Em uma declaração sobre o assassinato, o presidente francês Emmanuel Macron disse que a batalha contra o terrorismo islâmico é “existencial”.

O suspeito, um homem que foi visto com uma faca perto do local, foi morto a tiros pela polícia em Conflans Sainte-Honorine, a noroeste de Paris, na noite de sexta-feira, de acordo com a DW, que disse que a polícia deteve outras nove pessoas – incluindo avós e pais e irmão de 17 anos do suspeito – na noite de sexta-feira.

Alguns relatos afirmam que o suspeito decapitou o professor.

A vítima foi identificada na mídia como um professor de história e geografia de 47 anos que também ensinava “educação moral e civil”. Alguns pais reclamaram que ele mostrou a seus alunos caricaturas do profeta islâmico Maomé na classe.

O suspeito, que se recusou a se render depois que a polícia o perseguiu após o ataque, acredita-se que seja um homem de 18 anos que nasceu em Moscou e cuja família era originária da Chechênia.

Macron visitou o local e classificou o assassinato como um ataque à “república e seus valores”.

“Esta é a nossa batalha e é existencial. Eles [terroristas] não terão sucesso. … Eles não vão nos dividir ”, disse ele, de acordo com o The Guardian.

“Um dos nossos compatriotas foi assassinado hoje porque ensinava. Ele ensinou seus alunos sobre liberdade de expressão, liberdade de acreditar ou não acreditar. Foi um ataque covarde. Ele foi vítima de um ataque terrorista islâmico”, disse Macron. “Esta noite, quero dizer aos professores de toda a França, estamos com eles, toda a nação está com eles hoje e amanhã. Devemos protegê-los, defendê-los, permitir que façam seu trabalho e educar os cidadãos de amanhã.”

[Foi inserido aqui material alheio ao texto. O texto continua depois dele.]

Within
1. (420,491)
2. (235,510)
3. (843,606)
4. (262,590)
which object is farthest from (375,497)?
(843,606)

A Procuradoria Nacional Antiterrorista da França disse que a investigação foi “em relação a uma empresa terrorista” e “associação terrorista criminosa”, relatou o Le Monde, de acordo com o Epoch Times, que notou que o ministro do Interior francês, Gerald Darmani, disse há algumas semanas que o risco de terrorismo do país era “extremamente alto”.

“O risco de terrorismo de origem sunita é a principal ameaça que nosso país enfrenta”, disse ele, observando que 32 ataques terroristas planejados foram frustrados desde cerca de 2017.

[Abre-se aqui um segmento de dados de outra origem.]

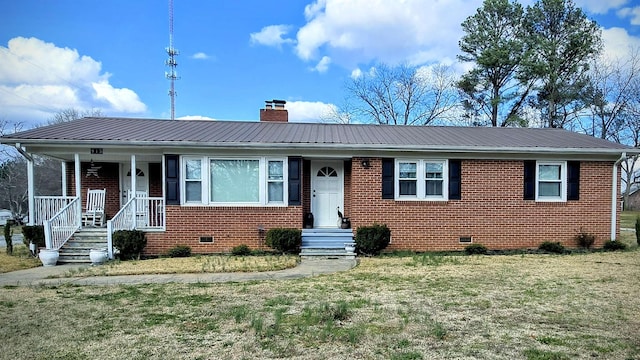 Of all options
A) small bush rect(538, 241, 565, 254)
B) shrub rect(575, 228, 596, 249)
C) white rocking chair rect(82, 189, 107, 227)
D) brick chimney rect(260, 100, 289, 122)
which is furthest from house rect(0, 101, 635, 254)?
brick chimney rect(260, 100, 289, 122)

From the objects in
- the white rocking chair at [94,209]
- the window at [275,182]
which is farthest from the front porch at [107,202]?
the window at [275,182]

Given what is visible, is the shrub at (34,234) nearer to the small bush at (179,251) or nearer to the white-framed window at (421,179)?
the small bush at (179,251)

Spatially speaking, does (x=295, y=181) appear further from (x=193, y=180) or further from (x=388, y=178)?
(x=193, y=180)

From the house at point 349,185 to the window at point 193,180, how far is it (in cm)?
3

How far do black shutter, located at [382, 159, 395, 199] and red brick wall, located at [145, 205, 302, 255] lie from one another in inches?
96.2

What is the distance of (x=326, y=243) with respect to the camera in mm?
10914

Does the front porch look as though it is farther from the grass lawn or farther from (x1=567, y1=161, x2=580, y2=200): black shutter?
(x1=567, y1=161, x2=580, y2=200): black shutter

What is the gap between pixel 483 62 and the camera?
26781mm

Em janeiro de 2015, o jornal Charlie Hebdo sofreu um atentado em seus escritórios em Paris, onde 12 pessoas foram mortas. O braço da Al-Qaeda no Iêmen assumiu a responsabilidade pelos assassinatos, culpando os polêmicos desenhos do profeta islâmico Maomé, que são considerados ofensivos para os muçulmanos.

Nove meses depois, um cartunista do Charlie Hebdo respondeu ao massacre do Estado Islâmico em Paris em novembro daquele ano, onde pistoleiros e homens-bomba mataram 129 pessoas, declarando que, se Deus existe, ele odeia o terror.